• [Source data]
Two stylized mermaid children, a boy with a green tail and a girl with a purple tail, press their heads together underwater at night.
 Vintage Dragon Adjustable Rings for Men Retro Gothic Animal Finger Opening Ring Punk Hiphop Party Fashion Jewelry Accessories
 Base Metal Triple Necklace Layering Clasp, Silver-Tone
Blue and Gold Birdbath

• [Exercise requirements] Word for word, restate the material above.

• [Answer to the problem]
Two stylized mermaid children, a boy with a green tail and a girl with a purple tail, press their heads together underwater at night.
 Vintage Dragon Adjustable Rings for Men Retro Gothic Animal Finger Opening Ring Punk Hiphop Party Fashion Jewelry Accessories
 Base Metal Triple Necklace Layering Clasp, Silver-Tone
Blue and Gold Birdbath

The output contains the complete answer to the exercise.